Hibiscus flowers and dragons – a recipe for success: Q&A with Gina El Kattan, BBA ‘14
Since graduating from U of T Mississauga in 2014, Gina El Kattan (BBA, 2014) has been busy launching a modern brand based on a traditional tea from Egypt. Her journey has taken her from a small, family business to national distribution, culminating in a successful Dragon’s Den pitch in 2021 for her company Nuba, which produces an all-natural and traditional Egyptian tea made from hibiscus flowers. Gina took some time to chat with us about her adventures in entrepreneurship.
You started as a student at UTM back in 2011 only days after arriving in Canada from Egypt. What was that experience like?
It was overwhelming!
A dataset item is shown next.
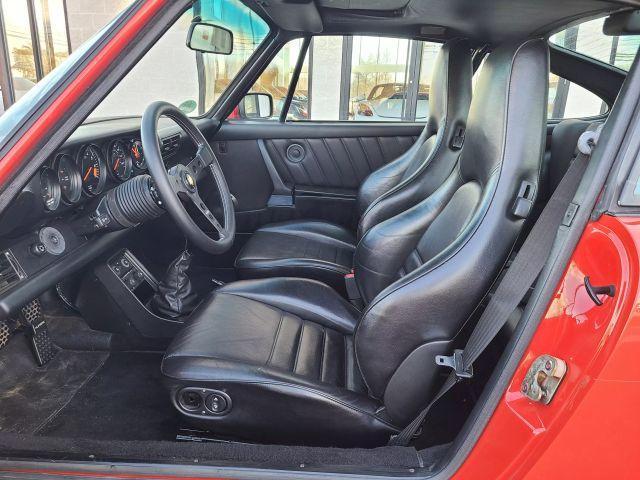 Photo of 1986 Red Porsche 911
My first month in Canada felt like a blur, but it was nice feeling like I was in the same boat with so many other international students that were also new to UTM and the country.
Although I miss my family and friends back home (and the warmth!), I really do love living here. The diversity is amazing and I’ve learned so much from people with different backgrounds. I really feel that I’m bringing Egypt and Canada together with this business.
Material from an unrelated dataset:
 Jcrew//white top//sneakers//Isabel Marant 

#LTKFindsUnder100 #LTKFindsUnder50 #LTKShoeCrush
You have a Bachelor of Business Administration from the U of T Mississauga’s Department of Management, and a minor in psychology. Was there a particular course or professor that really influenced the direction of your entrepreneurial ambitions?
I really loved Entrepreneurial Strategy with Professor Nico Lacetera. It was one of my favourite classes, and it has absolutely impacted my career direction. We still keep in touch!
Have you always dreamed of being an entrepreneur?
I think the entrepreneurial spirit runs in my family. My grandpa and my mom are both serial entrepreneurs. My first business venture was when I was around 10 years old. I made jewelry and sold it during the summers.
You started Nuba as a small local business with your mom, and it has grown exponentially. Can you tell me about Nuba’s ties to your roots in Egypt?
We’re passionate about supporting small scale farmers in Southern Egypt. It’s a place that’s close to our hearts, as it's where our family is from. We named the company Nuba after this region.
It has been a staple in our culture for thousands of years. We use premium quality whole hibiscus flowers that are grown on the banks of the Nile and dried in the Egyptian sun. We then brew them to create a ruby red tisane with a robust, sweet and tangy flavour.
When we moved to Canada we brought hibiscus flowers with us. We would make the tea for new friends and always found it was a big hit. This sparked the idea for us that this could have massive market potential. It became our goal to create a modern brand from a traditional Egyptian superfood and bring it to Canada.
Do you think the passion you have for your product has ultimately led to its success?
Definitely! This is really a labour of love. We promised ourselves from the start that we would not compromise on authenticity.
We adhere to traditions dating back to the days of Ancient Egypt, exactly like we made it at home. We use fresh, raw materials, and we don’t use concentrates. We craft small batches every time and always by hand with no preservatives or artificial colours. I think that’s what’s made us stand out. It really takes people back when they taste it.
What is it like working with family?
It’s challenging - but great. I think my mom and I really complement each other skills wise, so it works. There is no one else I would rather do this with.
Last year you were on Dragon’s Den pitching Nuba. What was that like?
It’s been an incredible experience so far. My dad had been pushing us to audition for years, and we never quite felt ready. But the stars really aligned for us last year! Being on the set of a show that our family has watched for a decade was surreal. We filmed our segment this summer after a whirlwind audition process and the wait to hear whether our segment was going to make it to air required a ton of patience.
It aired last December and the response has been incredible. Everyone has been so supportive and have really connected with our story.
What advice would you offer to someone looking to start out as an entrepreneur?
Resilience is key! The journey is a challenging one and being able to pick yourself back up is crucial.